[I forgot today was Friday! Sorry. Excerpt Friday will be held on Saturday this week!]
A few days ago, fellow NCP author Laine Morgan wrote in her blog about a crisis of faith.
While Laine’s crisis was truly more spiritual in nature, I can identify with her feelings in regards what I’ve been going through this week. I decided to take a week off from working on an anthology story that’s giving me trouble, and I’ve been floundering around wondering what I should be putting my energies into.
Much like Laine, I’m trying to build a career while at the same time trying to remain true to myself and my interests and not start churning out just the stuff I know will sell. It occurred to me today, after finally hitting on an interesting new science fiction plot, that I’ve been somewhat led astray also.
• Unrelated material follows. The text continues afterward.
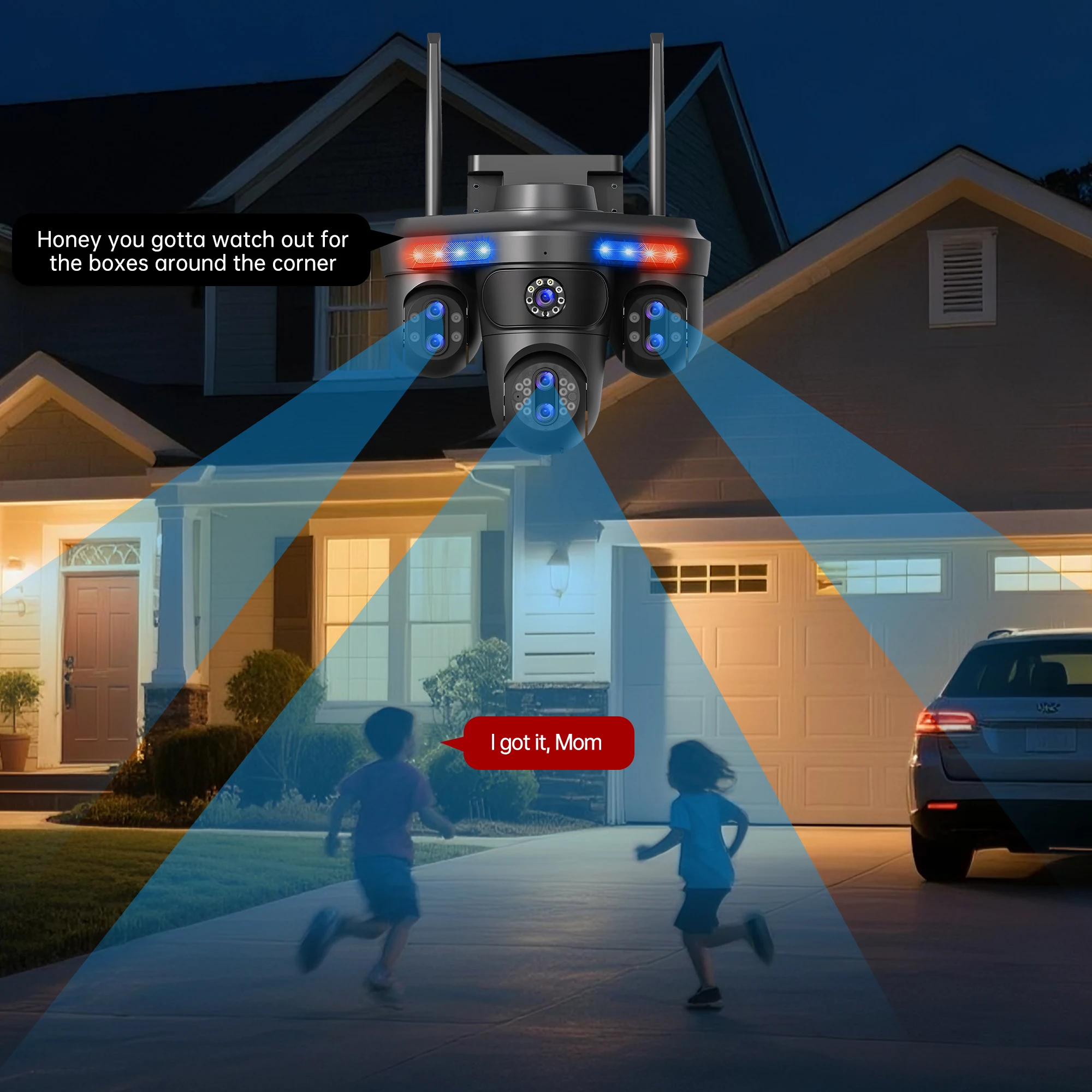 GEYUNE 35MP WiFi IP Camera 4 Screens 7 Lens 10X Zoom Outdoor Wireless PTZ Security Cam Auto Tracking CCTV Surveillance Camera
I’ve been trying to do everything: paranormal, erotica, contemporary, [or all three at once, which seems to be what the market is screaming for right now,] and I’m not enjoying it that much. Don’t get me wrong, I LOVE vampires, werewolves and steamy, sexy stories and I’m not going to stop writing them, but my first love, even before romance, was science fiction. I grew up on it. Those wild stories of other worlds nourished me. It occurred to me today as I devoured the Science Fiction Book Club newsletter/catalog that those are still the stories I love most.
Maybe my muse will stop deserting me so often, if, like Laine, I concentrate more on what I was meant to write. I’m meant to grow from my sci-fi roots so that’s the genre I’m going to explore for the time being.
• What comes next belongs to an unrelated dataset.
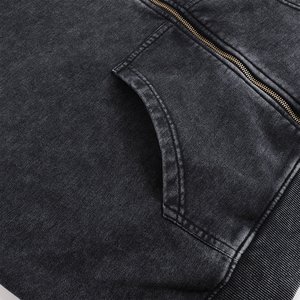 Sweat-shirt à capuche zippé noir, coupe classique, en coton, pour homme, vêtement décontracté d'automne, sweat-shirt en coton tricoté 100% - Product Image 4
Don’t worry – I still plan to write about Vance Garrett, and Lucas Vitale and maybe even Graciela and Lord Varrick and Anya, but you can expect to see a lot more of Bernadette’s other worlds and alien warriors as well.
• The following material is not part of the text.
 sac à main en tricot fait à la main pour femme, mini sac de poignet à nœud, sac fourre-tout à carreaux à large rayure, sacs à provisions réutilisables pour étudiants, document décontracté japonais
Thanks, Laine, for making me think about what it really means to be true to yourself. We have to write what moves us, no matter what that is and if the market isn’t really, willing and able, so what?
3 comments:
Man, it is the week for it isn't it! I don't want to say that I've lost my passion for writing historicals (because I don't think I have) but I have a deeper passion for action. I've just decided today also to just let it go and not force myself to write what I think I need to write, but write what I want.
Hi Jodie and Laine! In this business, we're in a bind if we try to write what sells. By the time it's ready for submission, it's not what's selling anymore and the same editors who wanted it are flooded and can't stand to look at it anymore.
I'm all for action, too Jodie! I want a great ride when I read a book.
Genre is important; but more important strategy is to keep writing what one can churn out--just now, before the muse deserts. Writing is not about being a specialist, definitely not in the sense of being a specialist surgeon or opthalmologist. Specialists tend to repeat and repetition is loathsome in literature.
I'm reminded of an oxymoron now: the rule is that there is no rule!